Jane Gonzalez, co-founder and CEO of MEDwheels, was honored by friends and family members on March 21, a week before her death at age 66.
Luis Vasquez
Jane Gonzalez, shown in a 2020 file photo, was co-founder and CEO of MEDwheels, a San Antonio supplier of medical equipment. She was also an advocate for small and minority-owned businesses. She died March 28 at age 66.
Billy Calzada
Jane Gonzales, co-founder and CEO of MEDwheels, loads boxes of face masks, disinfectant and other supplies into a van on Nov. 12, 2020, for the Neighborhoods First Alliance in San Antonio.
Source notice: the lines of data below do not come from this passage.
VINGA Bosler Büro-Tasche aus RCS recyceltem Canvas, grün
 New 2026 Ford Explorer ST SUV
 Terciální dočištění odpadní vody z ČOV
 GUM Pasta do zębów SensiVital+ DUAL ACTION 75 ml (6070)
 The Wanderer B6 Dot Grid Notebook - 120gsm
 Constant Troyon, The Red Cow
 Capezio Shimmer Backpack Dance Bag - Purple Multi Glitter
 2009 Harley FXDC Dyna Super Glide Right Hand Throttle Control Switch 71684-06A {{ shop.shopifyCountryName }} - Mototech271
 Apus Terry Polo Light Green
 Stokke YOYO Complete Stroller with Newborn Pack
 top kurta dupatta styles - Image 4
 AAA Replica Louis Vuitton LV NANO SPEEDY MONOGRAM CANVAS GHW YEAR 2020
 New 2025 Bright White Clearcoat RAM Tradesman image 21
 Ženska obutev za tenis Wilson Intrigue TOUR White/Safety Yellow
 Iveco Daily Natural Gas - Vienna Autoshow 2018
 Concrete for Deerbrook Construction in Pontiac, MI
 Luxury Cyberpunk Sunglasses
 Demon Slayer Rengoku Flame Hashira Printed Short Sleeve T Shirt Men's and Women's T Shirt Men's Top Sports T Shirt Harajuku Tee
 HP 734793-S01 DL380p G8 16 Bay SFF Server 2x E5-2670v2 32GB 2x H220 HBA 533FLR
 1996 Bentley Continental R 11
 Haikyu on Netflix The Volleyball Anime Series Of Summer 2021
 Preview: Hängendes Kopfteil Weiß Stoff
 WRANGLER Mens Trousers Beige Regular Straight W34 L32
During the pandemic, her company donated protective equipment across the city.
Billy Calzada
Jane Gonzalez, co-founder and CEO of MEDwheels, stands in her company’s warehouse in a 2010 file photo.
EDWARD A. ORNELAS/SAN ANTONIO EXPRESS-NEWS
San Juanita S. “Jane” Gonzalez, a San Antonio entrepreneur who made a career of providing life-saving medical equipment, sometimes for free, and who spent decades advocating for small and minority-owned businesses, has died after a battle with cancer. She was 66.
MEDwheels, a company she co-founded and ran, supplies wheelchairs, walkers and other equipment to hospitals, schools and public agencies. She was also a force in the city’s business and civic circles, pushing to expand opportunities for smaller firms. Many who knew her described her as strong and fearless — a “chingona,” or champion.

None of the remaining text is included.